Nul doute que l'acte constitutif de l'Union africaine représentait un tournant important dans l'histoire de l'Afrique. N'avait-il pas annoncé de nouvelles institutions chargées de remédier aux racines profondes des conflits ? En effet, le protocole relatif à l'établissement d'un conseil de paix et de sécurité semblait incarner une nouvelle « doctrine » dans les domaines politiques, sociaux et sécuritaires. Or, les évolutions sur le terrain ont révélé un certain décalage entre les « bonnes intentions » et les « actes tangibles ».
Nouvelle « doctrine » et nouveau « conseil » pour la paix et la sécurité en Afrique
En 1999, le président libyen lançait l’idée ambitieuse d’établir ce qu’il avait appelé « Les États-Unis d’Afrique ». Selon le projet initial, présenté lors d’un Sommet extraordinaire à Syrte, en Libye, il s’agissait de la mise en place d’une fédération rassemblant tous les pays africains. Cette nouvelle entité gigantesque aurait la tâche non seulement de mobiliser les ressources de l’Afrique pour assurer son développement, mais également de veiller sur la bonne gouvernance et l’instauration de la paix et la stabilité en son sein.
Théoriquement, le projet ne manquait pas d’attraits. Le simple fait d’établir la nouvelle fédération signifierait un engagement formel de la part de ses composants à respecter sa Constitution stipulant le respect de droits de l’homme et des minorités, les principes démocratiques et la bonne gouvernance. Partant, il serait difficile désormais de parler des conflits ou de coups d’États.
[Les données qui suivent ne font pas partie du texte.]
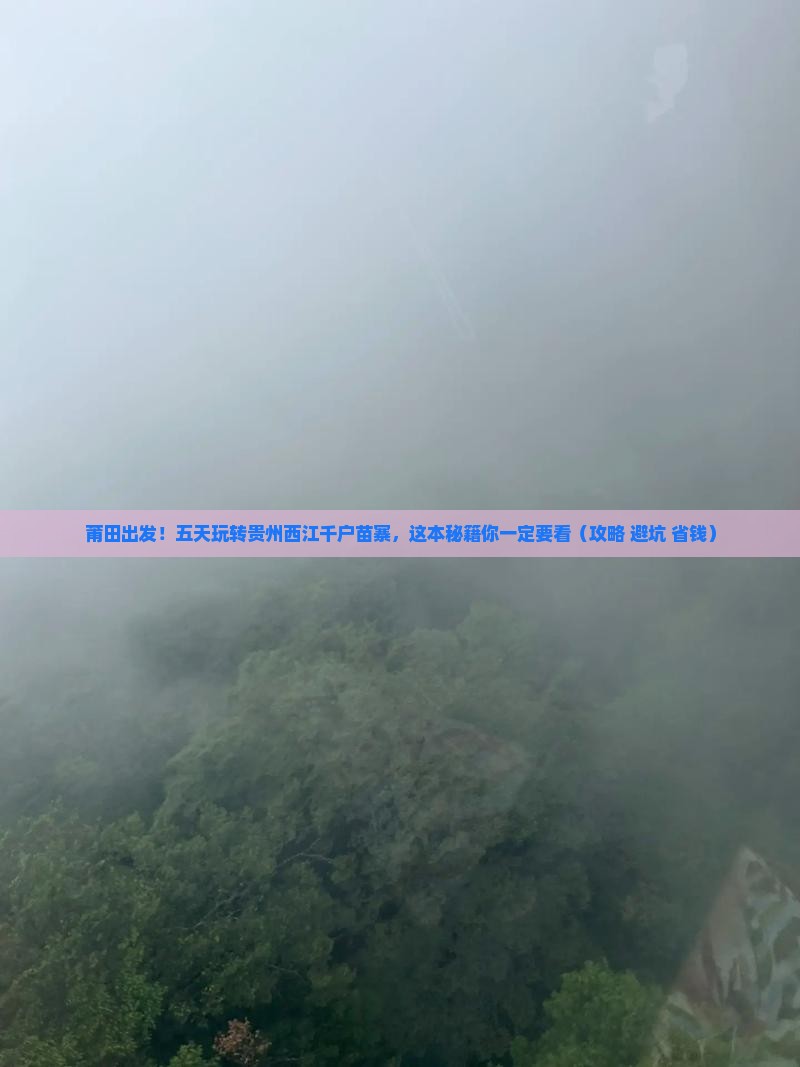 莆田去贵州西江千户苗寨五日游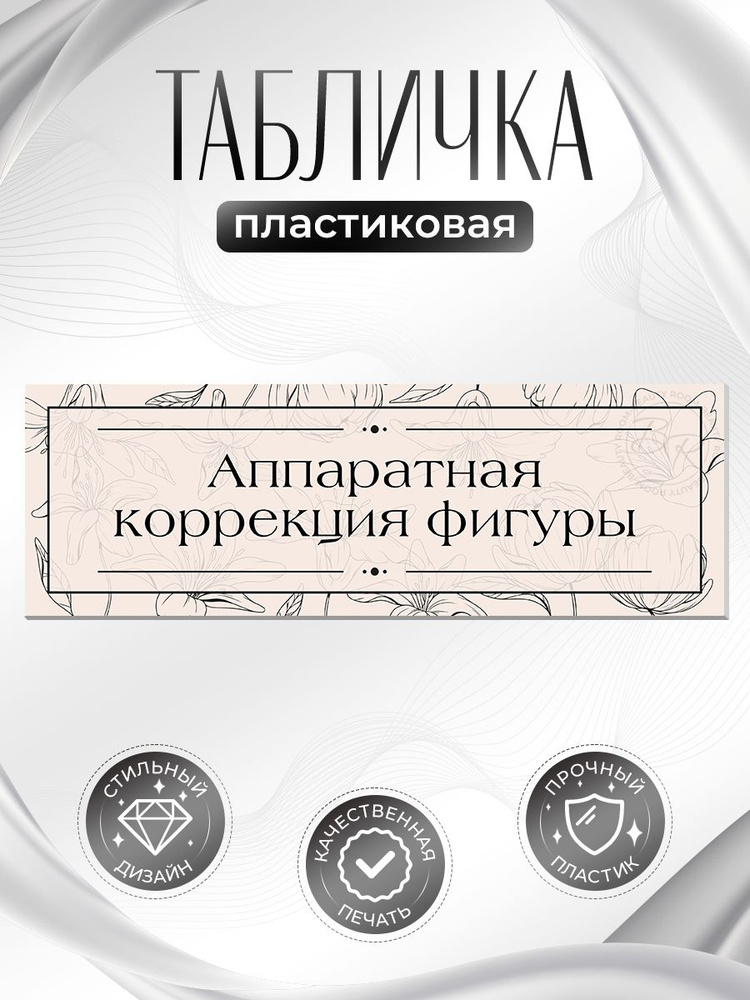 Табличка, на дверь, в салон красоты, BR. BEAUTY ROOM, Аппаратная коррекция фигуры, 30x10 см #1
Les « troubles » qui pourraient survenir seraient plutôt une « affaire intérieure » relevant des compétences des autorités fédérales chargées d’« établir l’ordre », et non plus des « conflits » appelant des « interventions étrangères » ou des opérations de « maintien de la paix » onusiennes. L’accumulation des expériences requises par les « États » dans le domaine du maintien de la paix pourrait assurer l’efficacité et le bon déroulement des opérations, tandis que la fédération, dans son ensemble, serait à même de fournir le soutien logistique et le financement nécessaires. La réalisation d’un tel projet étant hors de portée, la diplomatie libyenne présentait, lors du même sommet, une alternative moins ambitieuse mais plus réaliste. Il s’agissait de la création d’une Union plus dynamique et mieux outillée que l’Organisation de l’unité africaine (OUA) (1).
En dépit du fait que l’objectif maximaliste s’avérait difficile à atteindre, l’acte constitutif de l’Union africaine (2), adopté lors du Sommet de Syrte II, en 2000, représentait un tournant important. En effet, avec cette création un nouveau chapitre allait s’ouvrir dans l’histoire de l’Afrique. Si la Charte de l’Organisation de l’unité africaine, qui assumait jusqu’alors l’action collective continentale, avait mis en relief la question de la décolonisation et la souveraineté, l’acte constitutif de son successeur accordait la priorité au développement et à la stabilité. La proclamation de l’Union africaine n’avait-elle pas annoncé de nouvelles institutions chargées de remédier aux raisons profondes des conflits, tant économiques que politiques et sociales ? Si le nouveau « partenariat économique » connu sous le nom de Nepad (3) s’occupait de l’aspect du développement, la mise sur pied d’un conseil de paix et de sécurité semblait incarner une nouvelle « doctrine » dans les domaines politiques, sociaux et sécuritaires.